SWR4 Abendgedanken
„Sei doch kein Thomas!“ – das habe ich vor kurzem zu meiner Freundin Anne gesagt. Es ging eigentlich nur um eine Kleinigkeit. Wir haben diskutiert, ob man in Italien nach 11 Uhr noch einen Cappuccino bestellt oder nicht. Ich war mir sicher: Nein. Aber Anne hat lieber gegoogelt, anstatt mir zu vertrauen. Ich also: „Sei doch kein Thomas!“, und Anne hat mich mit verwirrtem Blick angeschaut. Wer ist denn jetzt Thomas?
Thomas ist ein besonders guter Freund von Jesus, und das, was eben so typisch für ihn ist, das passiert, nachdem Jesus am Kreuz gestorben ist. Alle denken: jetzt ist alles vorbei, aber dann taucht Jesus wieder auf. Er kommt also zurück in ihr Leben, obwohl er eigentlich ja tot ist. Er erscheint vielen seiner Freunde, aber nicht Thomas. Der glaubt ihnen auch kein Wort, als sie diese völlig abstruse Geschichte von der Auferstehung erzählen. Für mich voll verständlich, was Thomas dann sagt: „Erst, wenn Jesus vor mir steht, und ich mit meinen eigenen Fingern seine Wunden berühren kann, dann glaube ich, dass er lebt.“ Das lässt Jesus nicht auf sich sitzen und erscheint kurz darauf auch ihm. Nicht ohne zu bemerken: „Du kannst mich jetzt sehen, Thomas, aber besonders glücklich sind die, die auch ohne Beweise glauben.“
Das ist also der typische Thomas-Moment: Wenn ich erst glauben kann, wenn es echte Beweise gibt. Bei Anne und dem Cappuccino war es so: Sie konnte das erst glauben, als sie es im Handy quasi schwarz auf weiß hat stehen sehen. Keine große Sache erstmal.
So wie auch bei mir neulich: Ich wollte selbst unbedingt nochmal checken, wann unser Zug genau abfährt. Und meine Schwester, die mit mir unterwegs war, konnte ich nicht einfach beim Wort nehmen.
Hier geht es um Glauben, und zwar in dem Sinne, dass ich etwas nicht nachprüfen kann und muss und trotzdem vertrauen habe. Das ist manchmal wirklich schwierig.
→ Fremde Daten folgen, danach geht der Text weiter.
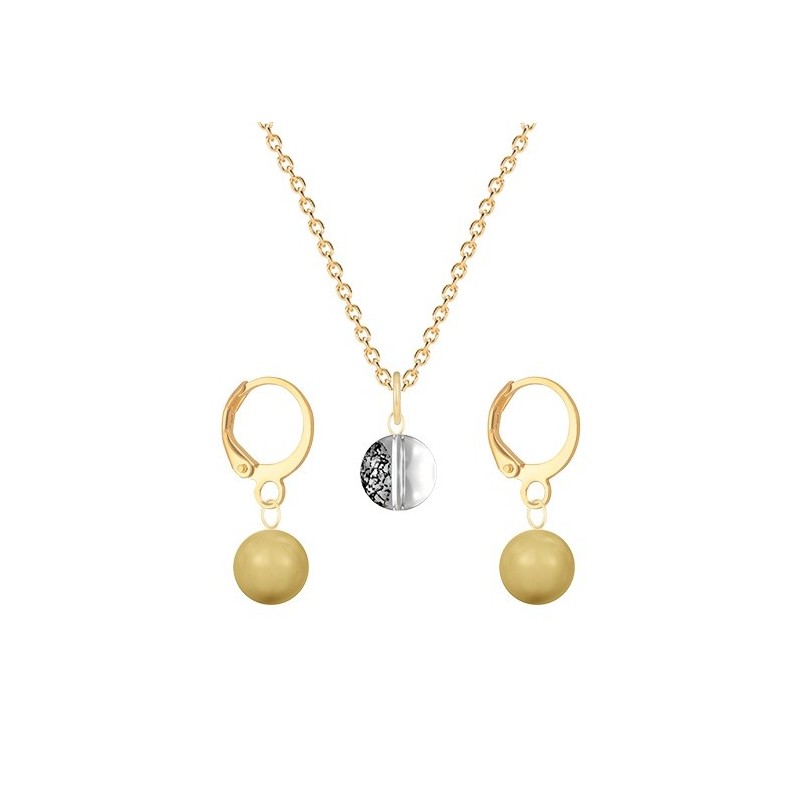 Gold Plated Premium Steel Black Patina 8mm Austria Globe Pendant With Golden Crystal Pearl Hoop Earrings Set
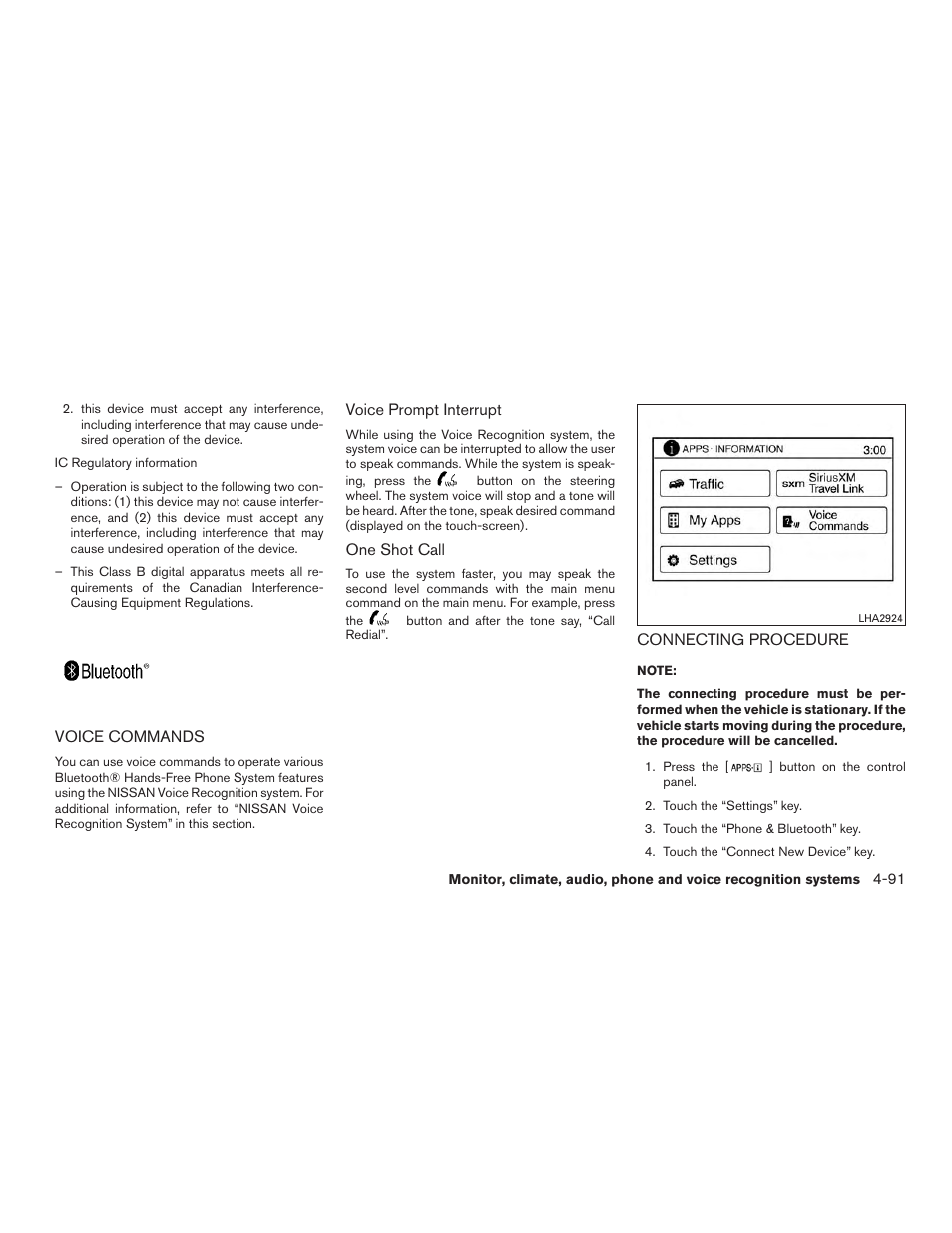 Voice commands -91 connecting procedure -91 | NISSAN 2015 Rogue - Owner's Manual User Manual | Page 268 / 440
Dabei kann es so entlastend sein, wenn ich vertraue. Denn dann teile ich Verantwortung. Dann muss ich nicht alles komplett überprüfen und alleine absichern. Ich kann vielleicht loslassen und den Moment genießen.
Wenn ich jetzt also zu meiner Freundin Anne sage: „Sei doch kein Thomas“, will ich eigentlich sagen, „vertrau mir“.